WHAT YOU SHOULD DO.
Please repeat each line below exactly, with no images in the copy.

SUPPLIED INFORMATION.
┄┄┄┄┄┄┄┄┄┄┄┄┄┄┄┄┄┄┄┄

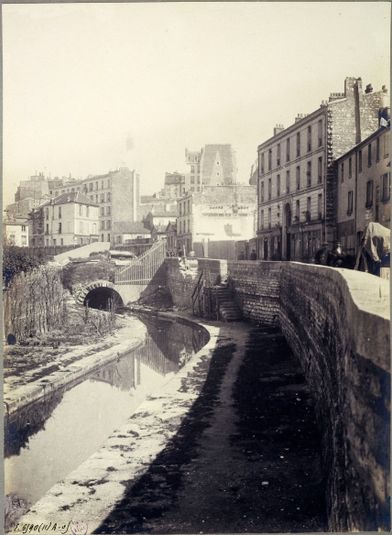 Série sur la Bièvre avant les travaux de recouvrement, bief de Croulebarbe, 13ème arrondissement, Paris. 1905.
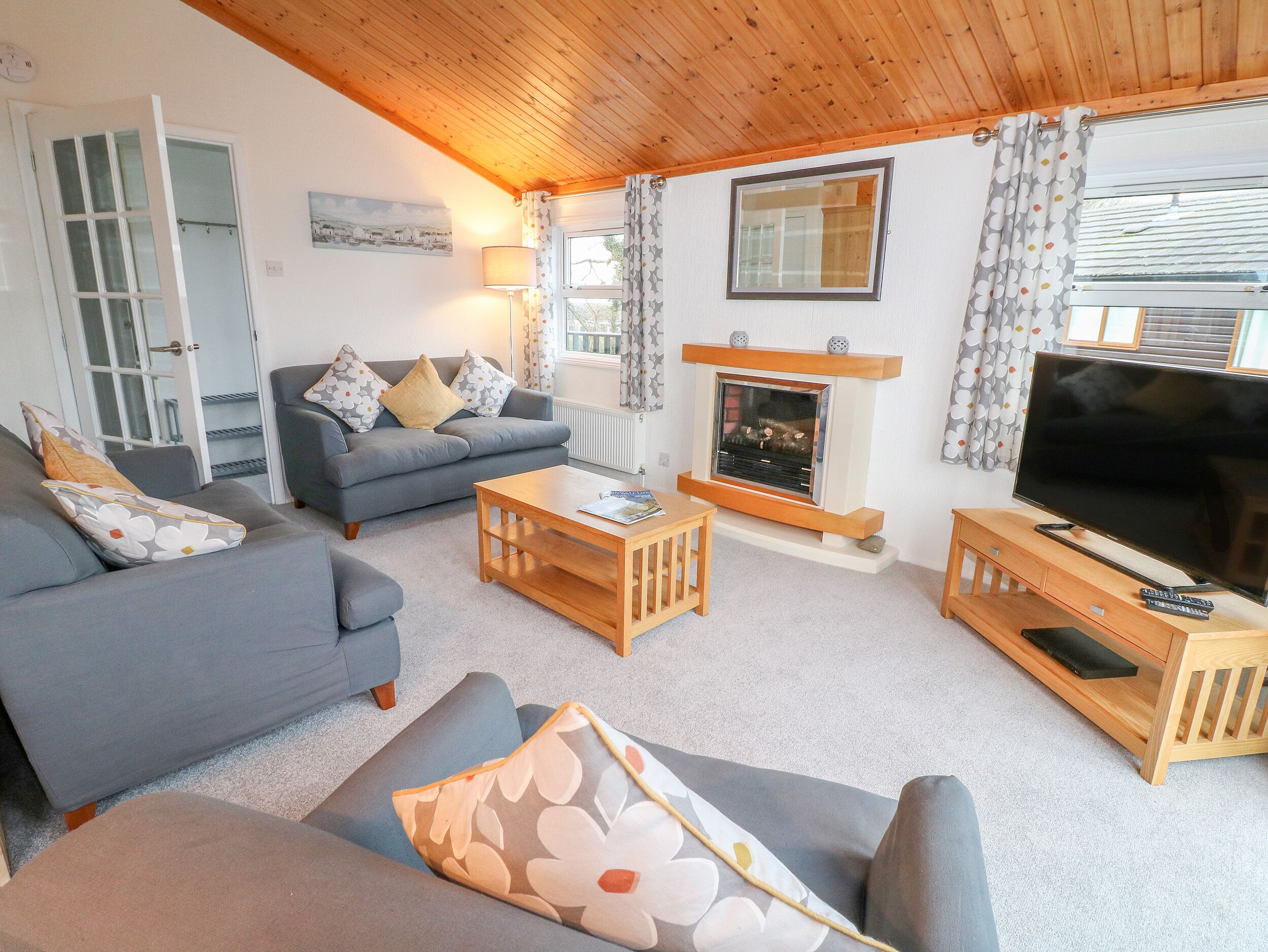 Cottage | Interior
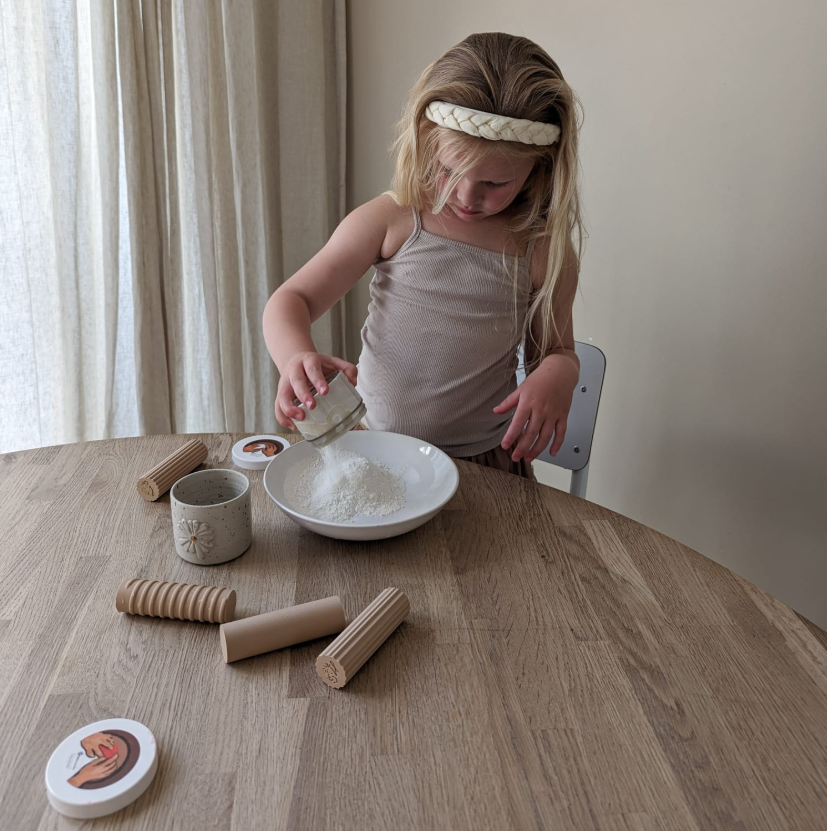 Grennn Écru pasta modellabile polvere 145 g + formina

┄┄┄┄┄┄┄┄┄┄┄┄┄┄┄┄┄┄┄┄

ANSWER SECTION.
 Série sur la Bièvre avant les travaux de recouvrement, bief de Croulebarbe, 13ème arrondissement, Paris. 1905.
 Cottage | Interior
 Grennn Écru pasta modellabile polvere 145 g + formina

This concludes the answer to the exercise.